Configure data pipelines

Learn how to configure ingest pipelines for data transformation

RDI implements change data capture (CDC) with pipelines. (See the architecture overview for an introduction to pipelines.)

Overview

An RDI pipeline captures change data records from the source database, and transforms them into Redis data structures. It writes each of these new structures to a Redis target database under its own key.

By default, RDI transforms the source data into hashes or JSON objects for the target with a standard data mapping and a standard format for the key. However, you can also provide your own custom transformation jobs for each source table, using your own data mapping and key pattern. You specify these jobs declaratively with YAML configuration files that require no coding.

The data tranformation involves two separate stages. First, the data ingested during CDC is automatically transformed to a JSON format. Then, this JSON data gets passed on to your custom transformation for further processing.

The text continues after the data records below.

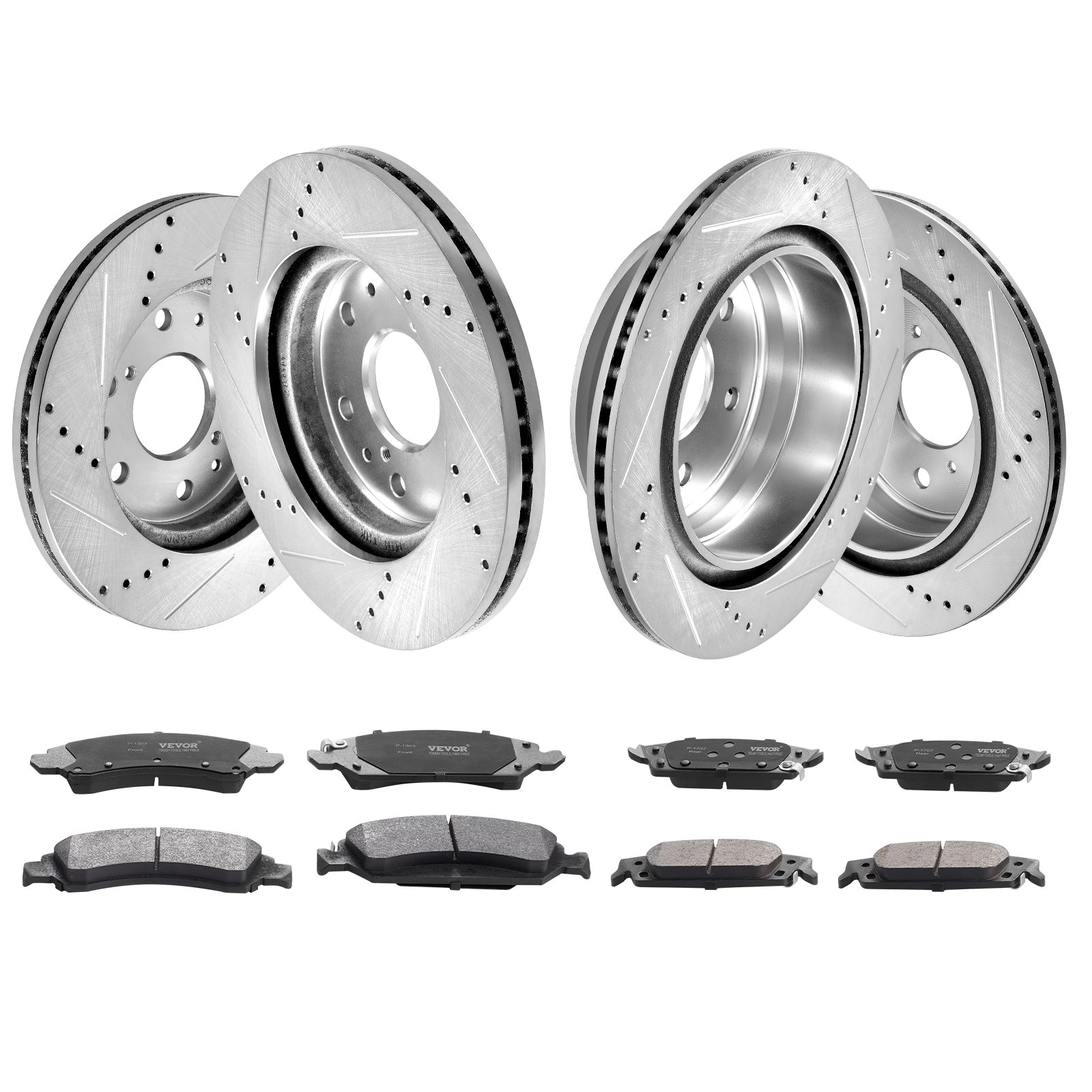 VEVOR Front Rear Brake Kit for 2014-2018 Chevy Silverado GMC Sierra 1500, 2015-2020 Suburban Tahoe Yukon XL Escalade ESV, Drilled & Slotted Brake Rotors Ceramic Brake Pads Replacement Kit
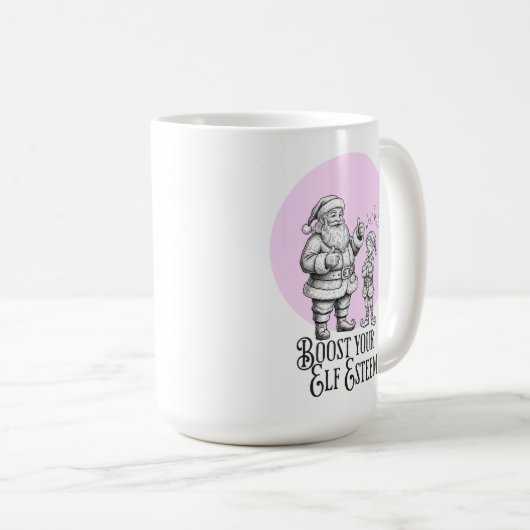 Boost your elf esteem funny santa elf pun mug (Devant droit)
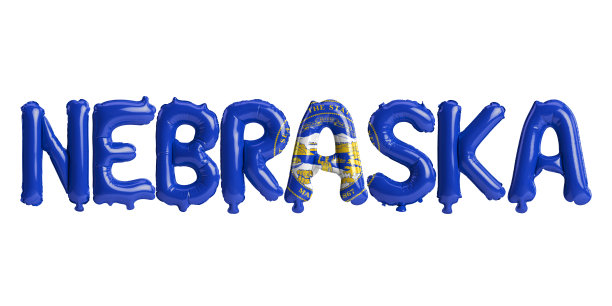 内布拉斯加字母气球的3d插图，白色背景上独立的州旗颜色图片下载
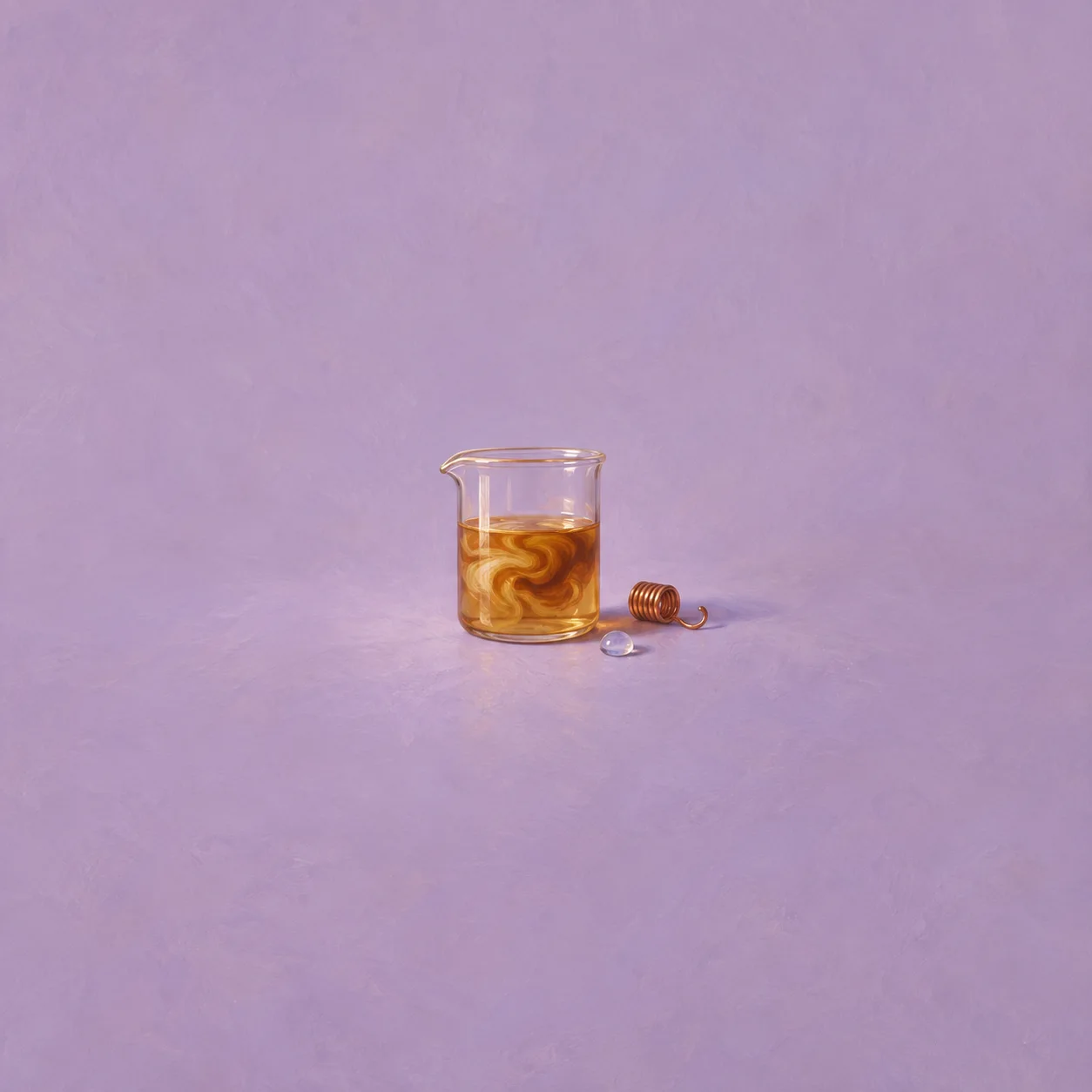 A clear glass beaker holds swirling golden liquid beside a small copper coil and a clear droplet.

You can provide a job file for each source table you want to transform, but you can also add a default job for any tables that don't have their own. You must specify the full name of the source table in the job file (or the special name "*" in the default job) and you can also include filtering logic to skip data that matches a particular condition. As part of the transformation, you can specify whether you want to store the data in Redis as JSON objects, hashes, sets, streams, sorted sets, or strings.

The diagram below shows the flow of data through the pipeline:

Pipeline configuration

RDI uses a set of YAML files to configure each pipeline. The following diagram shows the folder structure of the configuration:

The main configuration for the pipeline is in the config.yaml file. This specifies the connection details for the source database (such as host, username, and password) and also the queries that RDI will use to extract the required data. You should place job configurations in the Jobs folder if you want to specify your own data transformations.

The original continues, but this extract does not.